Oklahoma State Representative William Fourkiller (D) has put forth legislation in the State house that would impose a 1% surtax on all sales of Teen, Mature, and Adults-Only video games. Representative Fourkiller has claimed the intent of the bill is to combat the dangers of violent video games, with the tax revenue gained from its implementation to go into preventative measures against childhood obesity and bullying.

“Violent video games contribute to some of our societal problems like obesity and bullying, but because they raise a lot of revenue, they can also provide part of the solution,” Fourkiller proclaimed.

Current legal estimates place the gains of this legislation at approximately $2.2 million. These kinds of surtaxes, usually on consumer products like tobacco and cigarettes, are traditionally put forward to discourage certain types of behavior rather than gain significant amounts of tax revenue.

(via Kotaku)

What do you think about Rep. Fourkiller’s legislation, EGs? Would such a surtax be the deterrent the representative is looking for? Comment below!

3 thoughts on “Oklahoma Rep. Introduces Surtax for Teen/Mature Games”

  1. It is stupid and it won’t get passed.

    Taxing tobacco and alcohol are acceptable since those products have scientific proof that they can kill people and also harm others. Singling out video games for tax probably violates some trade laws and such. Besides, if you tax video games, then you also have to tax movies, music and books as they can also give people ideas that would lead to bullying and are also activities that could lead to obesity (games get a bad rap, but all those things can apply to the other media; granted music has the most potential to be an active participant in a physically active lifestyle).

    Every last legislator, state representative, Congressional representative and senator need to stop making these consumer taxes when it is already hard for people to purchase things in the first place. They should be working on making tax rates fair based on your income so everyone is paying their fair share not putting the burden on people who are getting less and less as time goes on.


    1. I’m not so positive it won’t get passed.
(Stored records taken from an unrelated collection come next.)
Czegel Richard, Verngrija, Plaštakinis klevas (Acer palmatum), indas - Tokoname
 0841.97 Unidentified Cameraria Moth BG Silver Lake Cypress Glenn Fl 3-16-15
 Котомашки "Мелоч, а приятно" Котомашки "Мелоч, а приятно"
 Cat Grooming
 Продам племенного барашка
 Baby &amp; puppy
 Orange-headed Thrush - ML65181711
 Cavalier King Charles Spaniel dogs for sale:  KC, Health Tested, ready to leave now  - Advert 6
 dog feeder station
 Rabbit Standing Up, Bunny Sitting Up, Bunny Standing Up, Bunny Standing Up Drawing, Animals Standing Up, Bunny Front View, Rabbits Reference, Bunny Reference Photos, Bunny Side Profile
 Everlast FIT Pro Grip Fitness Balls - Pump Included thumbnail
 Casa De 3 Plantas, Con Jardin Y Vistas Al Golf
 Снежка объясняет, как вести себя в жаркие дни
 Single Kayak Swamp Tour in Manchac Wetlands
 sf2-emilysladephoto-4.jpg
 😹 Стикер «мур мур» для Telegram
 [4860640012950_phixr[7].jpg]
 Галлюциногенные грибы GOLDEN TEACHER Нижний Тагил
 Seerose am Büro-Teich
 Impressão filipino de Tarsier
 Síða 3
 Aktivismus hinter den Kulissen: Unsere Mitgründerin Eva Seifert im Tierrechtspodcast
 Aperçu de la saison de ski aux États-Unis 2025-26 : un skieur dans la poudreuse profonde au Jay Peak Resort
In my homestate of Washington, we just voted on a surtax for candy and bottled water. It would have passed too, if the bottled water wasn’t on included.

      And like Candy and Alcohol, video games can lead to an unhealthy lifestyle.

      1. Yeah, but you have to remember that the tax was repealed by voters shortly after it was introduced. The tax was in existence for a few months then voted out; it wasn’t because of water, it was the perceived notion that people wouldn’t be able to afford the snacks. Besides, Washington State water is the best in the entire nation, so we don’t need to spend money on bottled tap water run through a filter and put into a petroleum based plastic bottle that has a chance of being thrown away and not recycled. Now back to the subject at hand.

        I am sure that the people would just reject the tax, unless it applied to cover all media, and not just a specific medium (candy covers a lot of products, not just a specified product). Also books can lead to unhealthy lifestyles as well. Same as movies. Especially if you are a critic of any of those things, you have to watch/read/play the specific media, understand it and then write about that piece in a way readers/viewers can understand. And in that process, writers block happens and you end up doing things to calm you down and write (yup, journalism is a stressful business, but a much needed one).

        Video games are just the new kid in town, so they get flack for things. The unhealthy diet is not a problem of gamers, it is a personal/societal problem. A large portion of the U.S. population really needs to change what they eat and how much they each, coupled with good exercise, which DDR and Dance Central can provide people (also Wii Fit and the other fitness games).